安倍元首相に反省の色なし! BSフジ番組でナマ大放言1時間超、「台湾有事」に前のめり
                          日刊ゲンダイ 2021/12/08
「台湾有事は日本有事であり、日米同盟の有事」発言で物議を醸す安倍元首相が懲りずにボルテージを上げている。7日はBSフジ「プライムニュース」に1時間超も生出演。
 米国の北京五輪外交的ボイコットをめぐり、「首脳が行ったり、外務大臣が行ったりというのは競技とは関係ない」と米国追随をにおわせるなど、言いたい放題。
 司会者から「自民党の最大派閥・清和会の会長に就任されました、安倍晋三元総理大臣にお越しいただきました」と紹介された安倍氏は、口を真一文字に結んだまま応じたが、いったん口を開くとマシンガントークが止まらない。指さしも健在だ。
 番組テーマは「台湾有事は日本有事…発言の真意と対中政策」。オンライン参加した台湾シンポジウムでの発言の意図を問われた安倍氏は、中国が台湾に対する圧力を強めているとして、早口でこうまくし立てた。

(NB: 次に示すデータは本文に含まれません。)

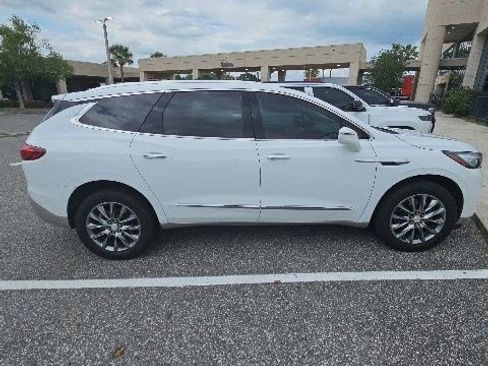 Used 2020 Buick Enclave Essence w/ LPO, Floor Liner Package FWD image 4
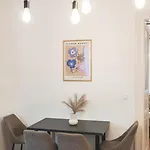 Andrassy Elegance 2bd Hideaway * Budapeszt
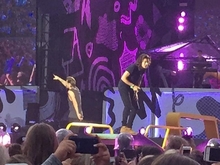 Icona Pop / One Direction  on Jul 21, 2015 [471-small]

「(台湾は)与那国島、先島列島(先島諸島)と100キロしか離れていないんですから。有事となれば、日本にとっても少なくとも『重要影響事態』になりますから」「日本の意思を示しておく。どういうことに発展する危険性があると申し上げていく必要がある」

「米国と一緒に打撃力行使」
 安倍氏はさらに、台湾海峡に米軍が展開し、中国から武力攻撃を受ける可能性に言及。「存立危機事態」へ発展する可能性を強調し、「集団的自衛権の行使を行うことになる」と前のめり。首相在任中に言い出した敵基地攻撃能力保有についても正当化し、話をどんどん飛躍させた。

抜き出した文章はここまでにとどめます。